Sweet! Now for the fun part. Filling it.


----------



## karmaz00 (Dec 5, 2007)

very nice


----------



## Juicestain (Jul 10, 2009)

Nice! This is the same humidor I started with. :thumb:


----------



## Plop007 (Jul 8, 2009)

Thanks everyone.

Yeah looking forward to trying many cigars.


----------



## DSturg369 (Apr 6, 2008)

Very nice Kyle! :tu


----------



## mc2712 (Mar 14, 2008)

Great looking humi, Congrats!


----------



## SmokeRings (Jul 5, 2009)

congrats on your first humi. im sure it will not be your last
enjoy filling that bad boy up!


----------



## Rubix^3 (Nov 10, 2008)

Very nice. 
As you ponder its beauty from across the room, then get up to more closely admire it and gently move your hand over the glossy finish (for the hundredth time), opening the compartment in joyous anticipation like a kid on christmas day, taking in that wondrous cedar aroma from within...
know that you have arrived.


----------



## suretolose (Jul 8, 2009)

Nice enjoy.
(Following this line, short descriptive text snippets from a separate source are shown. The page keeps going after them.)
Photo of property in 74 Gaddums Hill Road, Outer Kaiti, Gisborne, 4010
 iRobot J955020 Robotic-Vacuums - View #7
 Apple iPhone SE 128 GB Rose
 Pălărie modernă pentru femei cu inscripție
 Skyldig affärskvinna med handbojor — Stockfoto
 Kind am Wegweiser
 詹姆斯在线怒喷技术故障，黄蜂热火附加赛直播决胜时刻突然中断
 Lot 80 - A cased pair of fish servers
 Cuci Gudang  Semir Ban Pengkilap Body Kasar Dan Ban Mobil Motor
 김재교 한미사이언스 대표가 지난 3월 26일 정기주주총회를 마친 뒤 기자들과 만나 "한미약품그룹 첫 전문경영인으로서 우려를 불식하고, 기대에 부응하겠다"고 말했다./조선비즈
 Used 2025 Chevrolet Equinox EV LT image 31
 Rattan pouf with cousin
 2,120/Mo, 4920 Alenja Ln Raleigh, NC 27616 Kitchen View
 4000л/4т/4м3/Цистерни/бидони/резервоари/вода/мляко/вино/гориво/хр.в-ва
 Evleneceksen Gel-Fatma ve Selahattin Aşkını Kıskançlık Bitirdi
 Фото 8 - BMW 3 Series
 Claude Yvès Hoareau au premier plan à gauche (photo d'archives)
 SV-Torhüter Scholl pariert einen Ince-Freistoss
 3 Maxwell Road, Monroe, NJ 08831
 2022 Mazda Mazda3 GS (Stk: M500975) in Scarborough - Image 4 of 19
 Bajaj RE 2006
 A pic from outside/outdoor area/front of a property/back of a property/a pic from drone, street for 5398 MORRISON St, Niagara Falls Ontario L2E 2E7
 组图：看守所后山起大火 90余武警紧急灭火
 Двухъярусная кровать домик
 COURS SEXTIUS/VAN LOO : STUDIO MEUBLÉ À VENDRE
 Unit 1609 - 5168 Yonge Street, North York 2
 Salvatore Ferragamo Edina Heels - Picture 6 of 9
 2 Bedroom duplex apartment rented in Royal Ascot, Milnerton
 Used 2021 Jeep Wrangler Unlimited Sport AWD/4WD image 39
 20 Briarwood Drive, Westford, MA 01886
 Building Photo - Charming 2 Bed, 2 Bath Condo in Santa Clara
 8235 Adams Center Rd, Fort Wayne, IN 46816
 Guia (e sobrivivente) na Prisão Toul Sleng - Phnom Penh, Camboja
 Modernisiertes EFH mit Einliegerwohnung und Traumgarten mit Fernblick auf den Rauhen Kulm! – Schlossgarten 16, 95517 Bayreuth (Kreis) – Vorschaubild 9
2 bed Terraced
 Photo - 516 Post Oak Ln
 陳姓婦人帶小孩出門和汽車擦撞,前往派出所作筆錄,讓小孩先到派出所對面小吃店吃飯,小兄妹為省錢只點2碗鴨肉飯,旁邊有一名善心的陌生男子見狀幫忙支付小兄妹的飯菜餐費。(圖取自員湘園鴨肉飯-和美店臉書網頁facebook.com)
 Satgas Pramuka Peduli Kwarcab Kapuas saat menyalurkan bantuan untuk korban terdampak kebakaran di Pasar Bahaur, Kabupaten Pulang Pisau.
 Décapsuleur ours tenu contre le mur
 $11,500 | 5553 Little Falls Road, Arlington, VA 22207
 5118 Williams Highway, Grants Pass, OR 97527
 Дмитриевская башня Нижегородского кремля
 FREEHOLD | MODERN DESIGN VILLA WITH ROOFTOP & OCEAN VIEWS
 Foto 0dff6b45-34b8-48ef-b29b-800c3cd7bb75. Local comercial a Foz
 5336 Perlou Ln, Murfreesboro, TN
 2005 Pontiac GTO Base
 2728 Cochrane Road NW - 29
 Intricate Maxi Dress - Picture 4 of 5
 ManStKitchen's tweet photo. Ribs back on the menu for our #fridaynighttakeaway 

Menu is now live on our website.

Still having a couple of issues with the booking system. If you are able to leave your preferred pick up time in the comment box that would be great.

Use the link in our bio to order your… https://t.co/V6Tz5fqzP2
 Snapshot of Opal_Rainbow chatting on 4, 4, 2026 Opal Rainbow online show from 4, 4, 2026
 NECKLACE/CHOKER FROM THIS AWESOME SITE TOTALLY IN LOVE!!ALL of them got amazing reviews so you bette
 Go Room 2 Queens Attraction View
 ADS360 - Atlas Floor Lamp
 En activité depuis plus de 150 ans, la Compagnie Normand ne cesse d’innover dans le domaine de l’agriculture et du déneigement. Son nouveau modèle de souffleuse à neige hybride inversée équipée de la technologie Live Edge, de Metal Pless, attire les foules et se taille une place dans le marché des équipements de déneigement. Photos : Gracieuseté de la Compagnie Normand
I am sure you will fill it up fast.


----------



## audio1der (Mar 8, 2006)

Nice humi!
Let us know what you upgarde to after you fill it in a week :smoke2:


----------



## Plop007 (Jul 8, 2009)

Rubix^3 said:


> Very nice.
> As you ponder its beauty from across the room, then get up to more closely admire it and gently move your hand over the glossy finish (for the hundredth time), opening the compartment in joyous anticipation like a kid on christmas day, taking in that wondrous cedar aroma from within...
> know that you have arrived.


You can write books when saying great things like that.

Thanks everyone.

Iv'e already started calibrating the hygrometer. Its looking good.


----------



## GlockG23 (Mar 7, 2009)

that looks very classy
good choice !


----------



## holmes711 (Jun 1, 2009)

Beautiful! Nothing like the feeling of a new humidor. Enjoy it!


----------



## Plop007 (Jul 8, 2009)

Started seasoning it 4 hours ago its already sitting at 70%

Ill keep seasoning it for awhile though.


----------



## phalynx (Jul 18, 2009)

It always starts with 1 humidor.......


----------



## Plop007 (Jul 8, 2009)

Once I get more money rolling in haha.


----------